**WHAT TO WORK ON:**
Give the records again in full, exactly as written.

** Opening DATA FOR REVIEW block **

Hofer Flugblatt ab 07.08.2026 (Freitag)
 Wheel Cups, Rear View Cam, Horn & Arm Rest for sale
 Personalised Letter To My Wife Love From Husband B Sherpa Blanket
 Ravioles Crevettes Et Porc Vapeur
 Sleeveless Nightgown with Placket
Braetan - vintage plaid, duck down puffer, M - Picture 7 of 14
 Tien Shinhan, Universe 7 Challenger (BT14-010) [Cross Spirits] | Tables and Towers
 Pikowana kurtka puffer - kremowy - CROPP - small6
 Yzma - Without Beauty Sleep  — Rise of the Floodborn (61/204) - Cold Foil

** Closing DATA FOR REVIEW block **

**WRITTEN ANSWER:**
Hofer Flugblatt ab 07.08.2026 (Freitag)
 Wheel Cups, Rear View Cam, Horn & Arm Rest for sale
 Personalised Letter To My Wife Love From Husband B Sherpa Blanket
 Ravioles Crevettes Et Porc Vapeur
 Sleeveless Nightgown with Placket
Braetan - vintage plaid, duck down puffer, M - Picture 7 of 14
 Tien Shinhan, Universe 7 Challenger (BT14-010) [Cross Spirits] | Tables and Towers
 Pikowana kurtka puffer - kremowy - CROPP - small6
 Yzma - Without Beauty Sleep  — Rise of the Floodborn (61/204) - Cold Foil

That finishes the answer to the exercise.